◆ Exercise goal ◆
Once the line holding "Verdeck, Dach, Kabine Steyr T180" appears, repeat it and each line after it to the end of the data, exactly and with nothing else; pictures stay out.

◆ Stored data ◆
--------

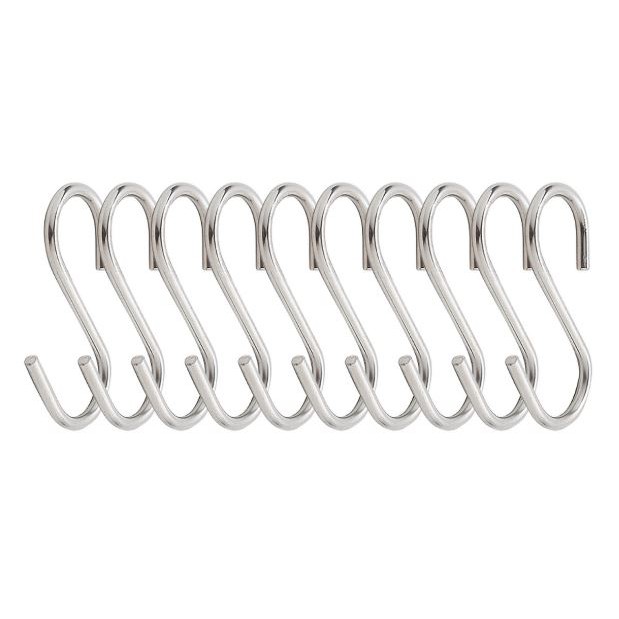 Móc S inox 304 siêu bền Nanichino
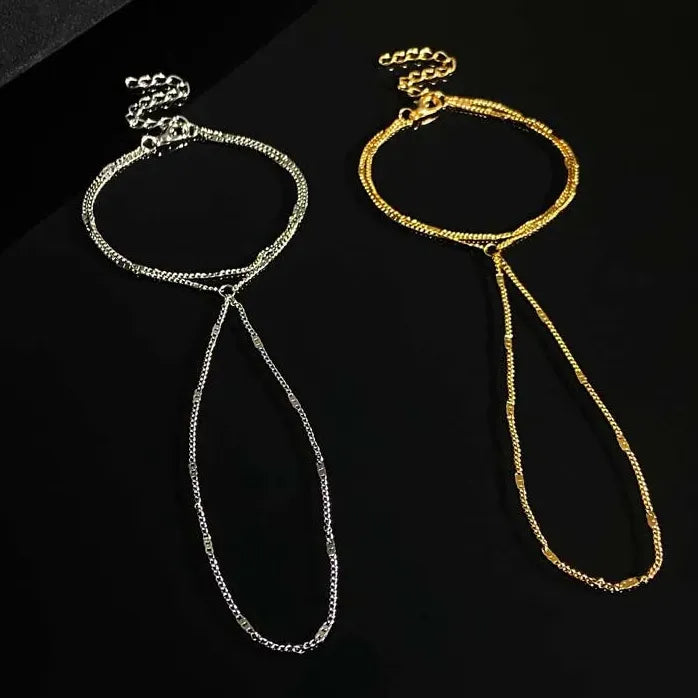 Handmade Vintage Multilayer Link Chain Bracelets for Women Stylish Jewelry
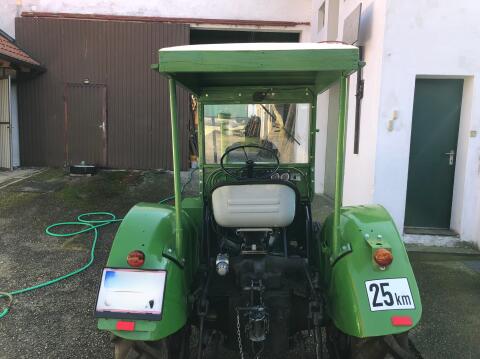 Verdeck, Dach, Kabine Steyr T180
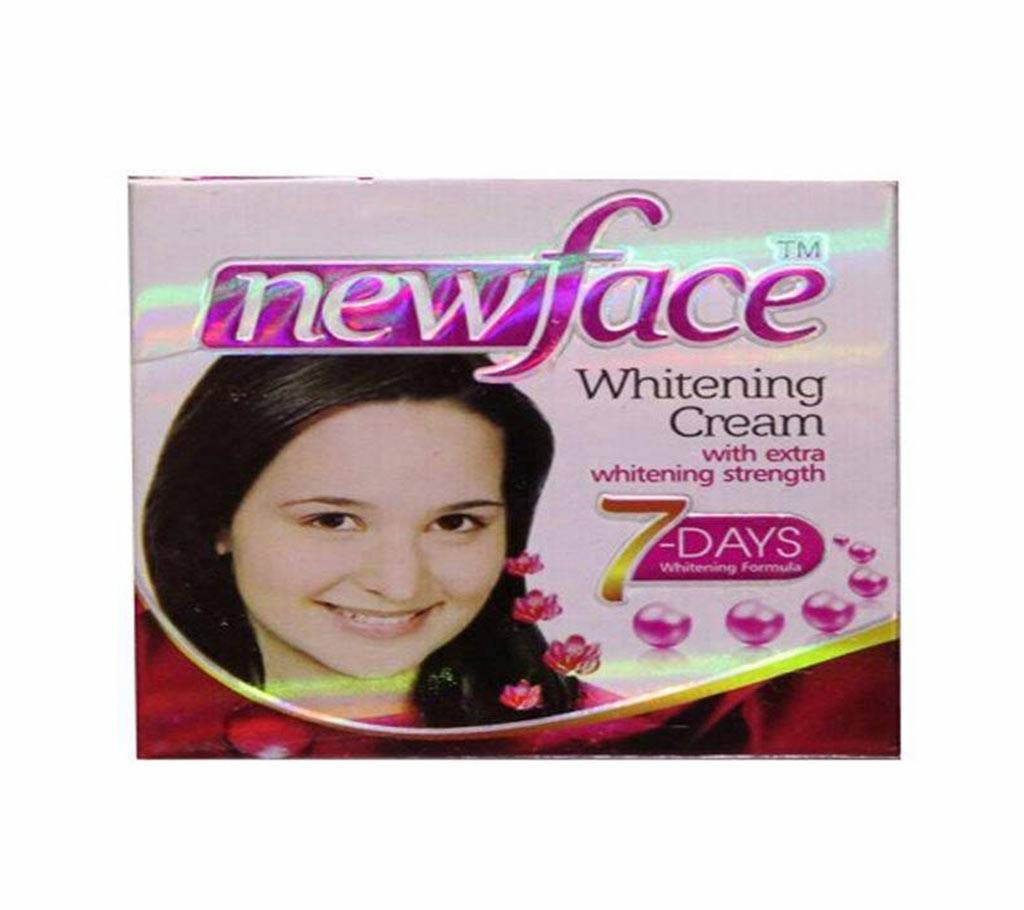New face skin whitening cream (Pakistan)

--------

◆ Answer box ◆
 Verdeck, Dach, Kabine Steyr T180
New face skin whitening cream (Pakistan)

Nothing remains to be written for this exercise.